## TASK BRIEF
Repeat the data word for word, excluding every picture.

## DATA PROVIDED

============================================================

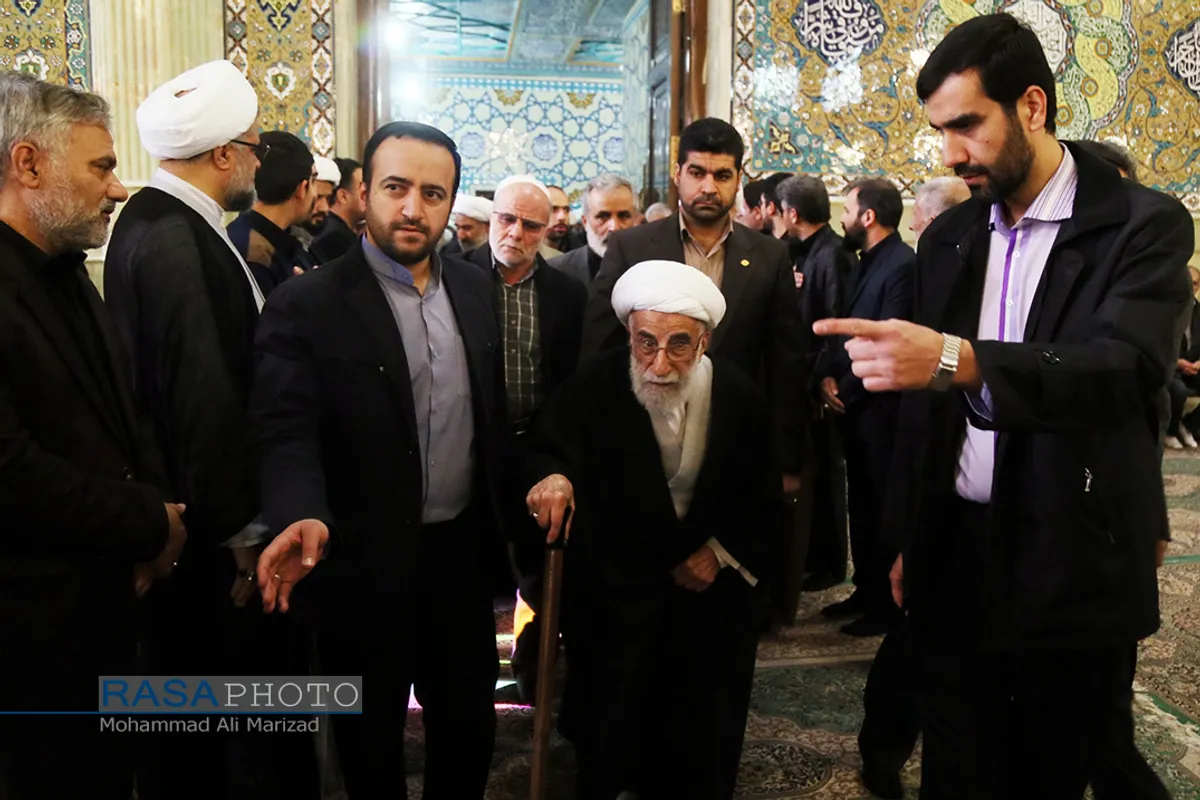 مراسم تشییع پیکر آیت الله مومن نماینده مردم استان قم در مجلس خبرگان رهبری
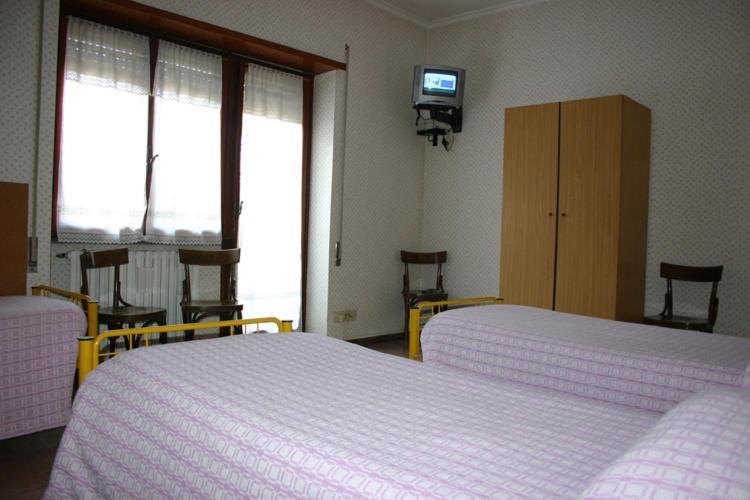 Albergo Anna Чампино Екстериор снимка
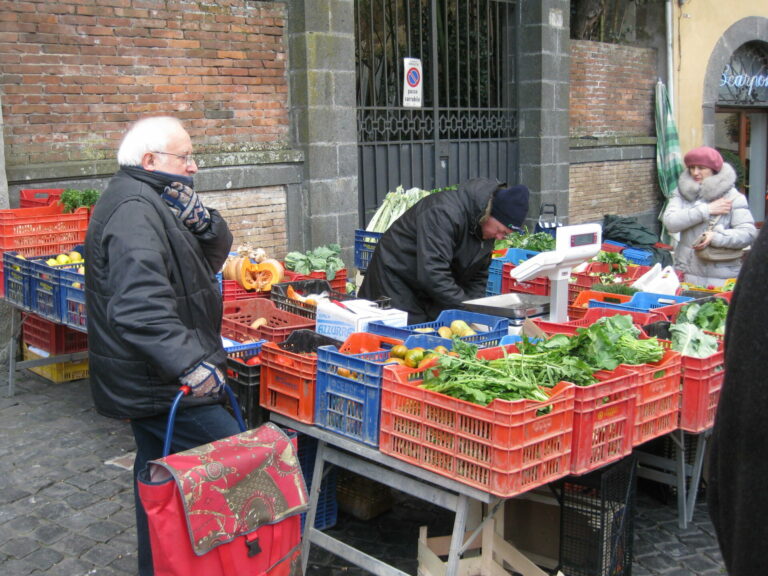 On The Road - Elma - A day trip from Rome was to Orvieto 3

============================================================

## EXPECTED ANSWER
 مراسم تشییع پیکر آیت الله مومن نماینده مردم استان قم در مجلس خبرگان رهبری
 Albergo Anna Чампино Екстериор снимка
 On The Road - Elma - A day trip from Rome was to Orvieto 3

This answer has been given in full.